Mae Perm, the first elephant Lek rescued, is Jokia's best friend. More than that, though, she serves as Jokia's eyes.
"I like to think that she's telling her everything that's going on right now," said Jodi, our guide when we first visited the park, as we watched the two of them grazing together, rumbling to one another quietly. "You know, stuff like, 'There's some really nice grass in front of you, and all of the dogs are way over by the observation deck, and I think that guy from Animal Planet is filming us right now.'"
Most elephants walk with their trunk hanging before them, half-coiled and just barely touching the ground. Jokia, though, walks one of two ways: either her trunk is constantly out in front of her, prodding the ground like a blind man's cane, or...
Or else it's resting on Mae Perm's back or clutching her tail. You can often see them wandering the park's grounds, rumbling to one another, Mae Perm leading Jokia around like children holding hands.

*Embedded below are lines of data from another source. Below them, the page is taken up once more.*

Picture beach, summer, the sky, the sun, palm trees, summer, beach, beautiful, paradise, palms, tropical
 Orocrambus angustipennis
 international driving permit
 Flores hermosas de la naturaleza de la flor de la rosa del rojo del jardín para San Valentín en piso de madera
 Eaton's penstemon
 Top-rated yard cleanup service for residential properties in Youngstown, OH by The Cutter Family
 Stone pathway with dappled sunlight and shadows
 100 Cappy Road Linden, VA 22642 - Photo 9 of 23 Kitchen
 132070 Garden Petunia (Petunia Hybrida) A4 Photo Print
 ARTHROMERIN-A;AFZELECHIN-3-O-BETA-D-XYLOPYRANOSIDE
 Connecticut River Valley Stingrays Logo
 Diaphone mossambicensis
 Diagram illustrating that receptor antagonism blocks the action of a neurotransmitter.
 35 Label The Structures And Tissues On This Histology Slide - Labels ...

They're inseperable these days, and are often accompanied by young Hope, the 5-year-old elephant to whom they serve as "aunties".
Jokia was the first elephant we bathed at the park. I remember looking up at her as I scrubbed, gaping at a face pockmarked with injuries sustained over a lifetime of abuse... and marveling at how happy she seemed.
Sometimes, while they're grazing, Mae Perm will wander a little too far away from Jokia. Suddenly aware that she can no longer sense her friend, Jokia will panic, trumpeting loudly in distress.
And wherever she is, whatever she's doing, Mae Perm will answer. She'll spin on one heel and literally sprint back over to Jokia, trumpeting the whole way. When they reunite, they'll stroke each other's faces with their trunks, and Mae Perm will make little squeaking noises to reassure Jokia that everything is all right.
Everything is all right.
I have to tell you, those little squeaking noises are the most wonderful thing in the world. After everything that Jokia has been through, after all of the horrific abuse she's endured, after losing first her baby and then her eyesight... To see Mae Perm stroking Jokia's face and telling her that everything's all right now really is just the most wonderful thing in the world.